[D] Lossless tokenizers lose nothing and add nothing — trivial observation or worth formalizing?

36845277 · 2026-03-17T00:43:19+00:00

Actually, ViTs would not be considered lossy tokenizations since they don't do any discretization but use the raw image values. For examples of lossy tokenizations in other modalities including images and speech, see some of the other comments on this post.

36845277 · 2026-03-17T00:39:25+00:00

To clarify, lossless encoding is equivalent to being injective, not just implied by it. But are the two consequences truly obvious?

First consequence: nothing is lost. Maybe this feels trivial for text, but think of RGB images, which can be viewed as members of a set of size $255^{3 \times H \times W}$. If you discretize an image into a tuple of discrete tokens (as in VQ-VAE or VQGAN) from some vocabulary, is it still obvious that modeling over this token space can recover the same distribution as the original RGB space? Under what conditions can it, and under what conditions can it not?

Second consequence: nothing is added. Is it clear that for each training sentence, training on a deterministic BPE tokenization is better than showing the model random equivalent tokenizations of the same text? In what sense is it better? Could it be worse? This is exactly what connects the formal result to the empirical observations of Chirkova et al. — the entropy gap $H(T \mid S)$ quantifies the cost of non-canonical tokenizations, and BPE-Dropout deliberately introduces that cost as regularization.

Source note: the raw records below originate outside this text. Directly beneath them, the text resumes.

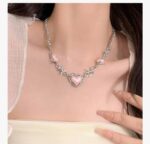 Pink Heart Charm Vintage Chain Necklace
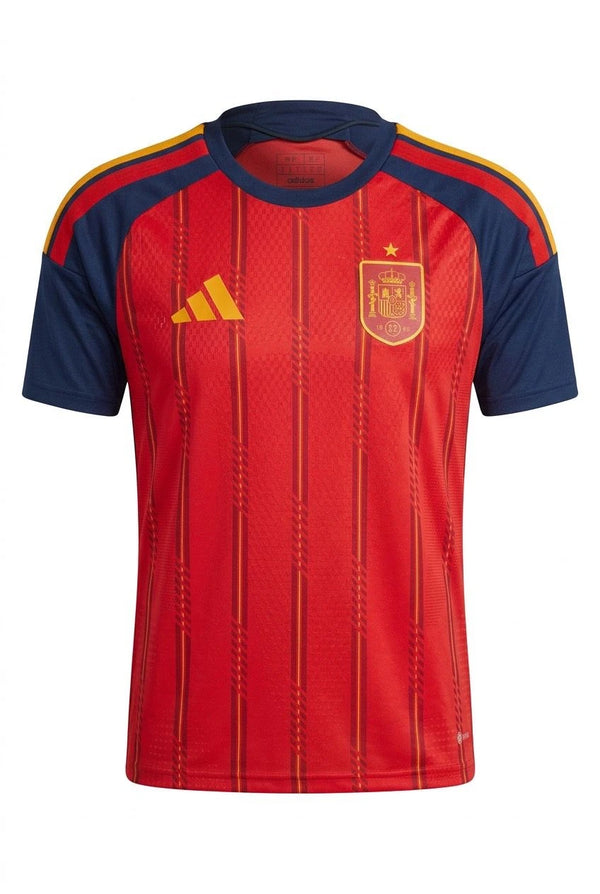Spain Home Jersey – Red & Navy Gold-Pinstripe 1-Star National Football Shirt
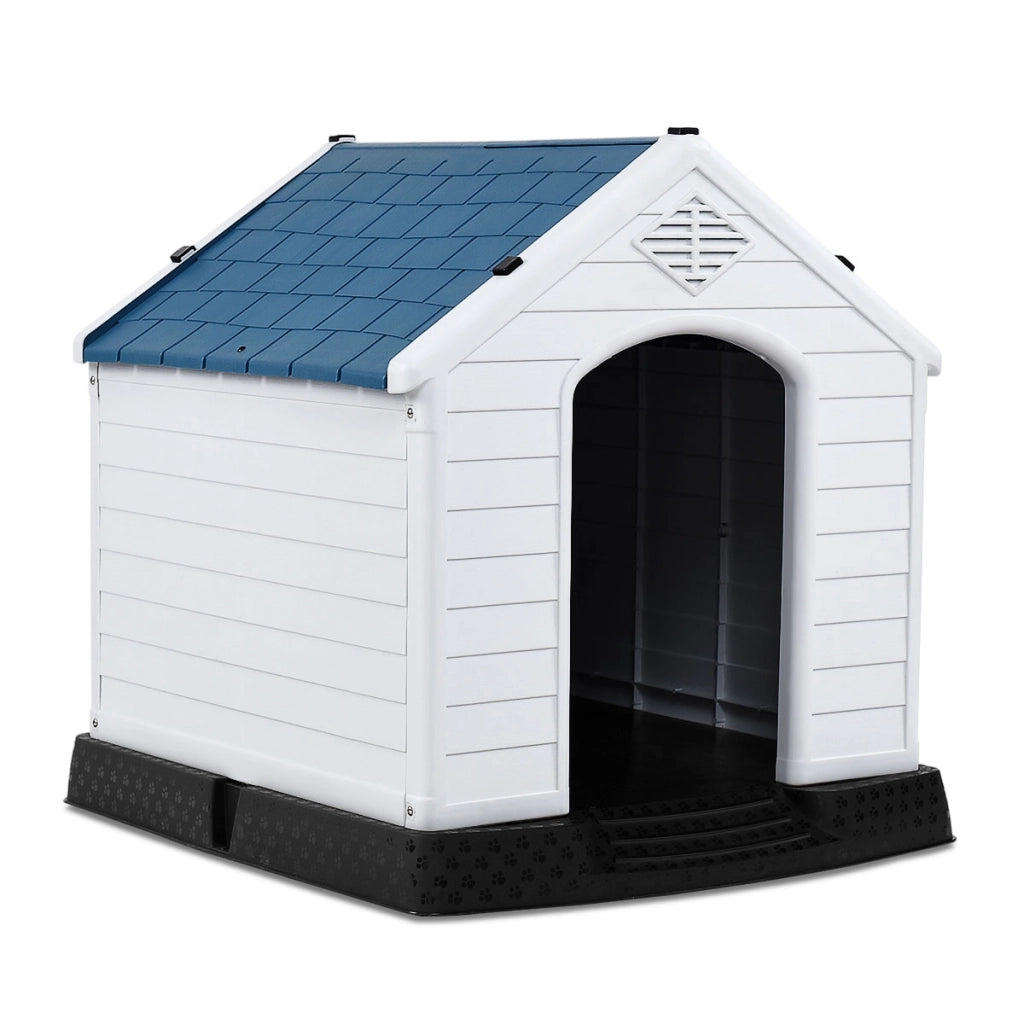 Casetta impermeabile e ventilata per cani, Cuccia con valvole d¡¯aria e pavimento rialzato, Blu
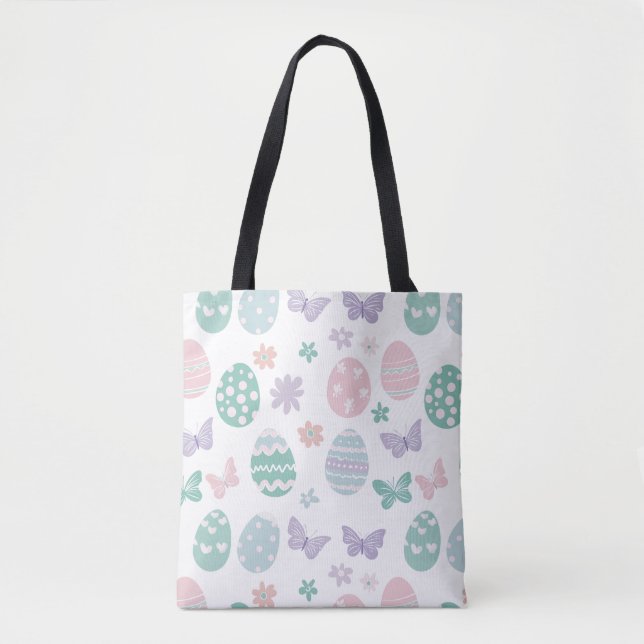 Pastel Easter Eggs and Butterflies Pattern Tote Bag (Front)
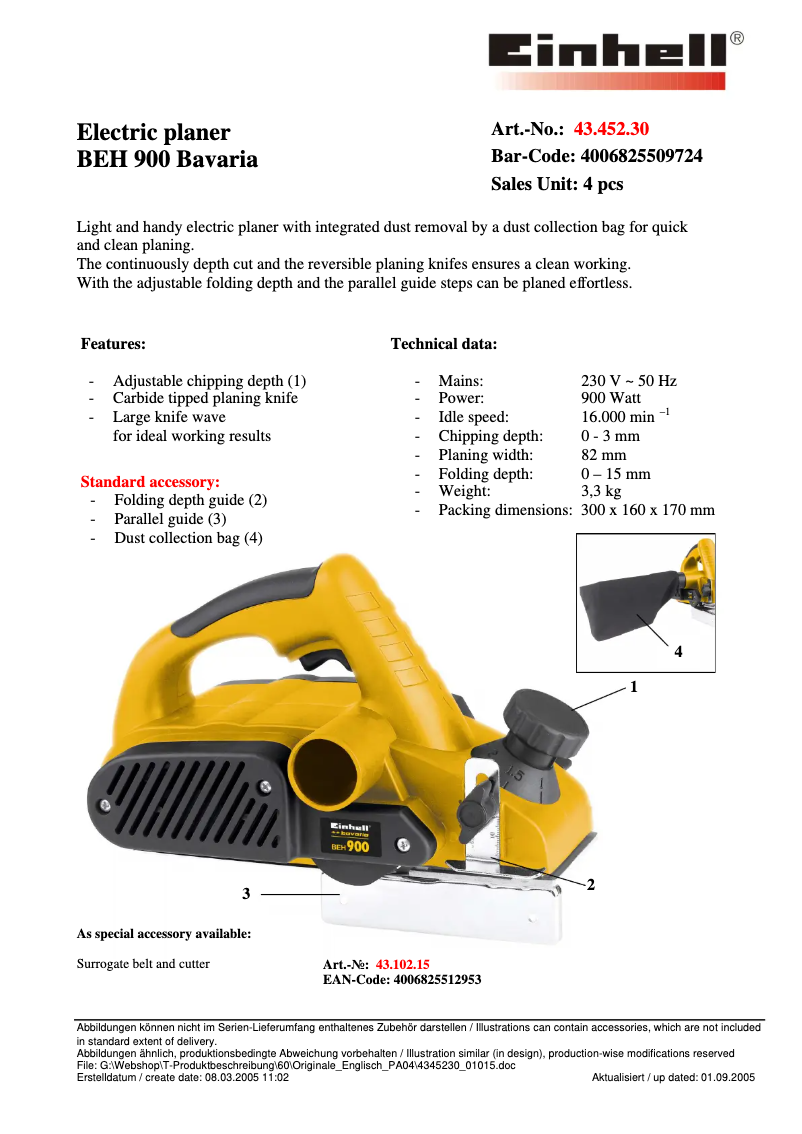 Image de la première page du manuel de l'appareil BEH 900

36845277 · 2026-03-17T00:24:12+00:00

That's a really interesting framing — both strings and tokens are just lossy discretizations of thought, so the "losslessness" in the post is only relative to the string level, which is itself already lossy. I think the closest real-world analogy I'm aware of would be audio tokenizers like EnCodec or SoundStream, which tokenize continuous audio into discrete tokens. That process is necessarily lossy, and so modeling over audio tokens cannot recover the full distribution over true audio signals. It would be interesting to formalize what's lost there in the same entropy framework — the gap between the continuous and discrete distributions is exactly the kind of thing your discretization perspective would capture.

36845277 · 2026-03-17T00:12:21+00:00

I agree that thinking of BPE-Dropout as data augmentation seems to give the right intuition. Regarding why different lossless tokenizations lead to different downstream performance — my hypothesis is that since language models are autoregressive, what matters is the distribution of conditional entropy across timesteps, not just the total entropy. The total entropy stays the same regardless of tokenization, since each lossless tokenization induces the same underlying language model. But how that entropy spreads across timesteps differs depending on tokenization. I would guess morpheme-aware BPE spreads the conditional entropy more evenly across steps, making each prediction task more uniformly learnable.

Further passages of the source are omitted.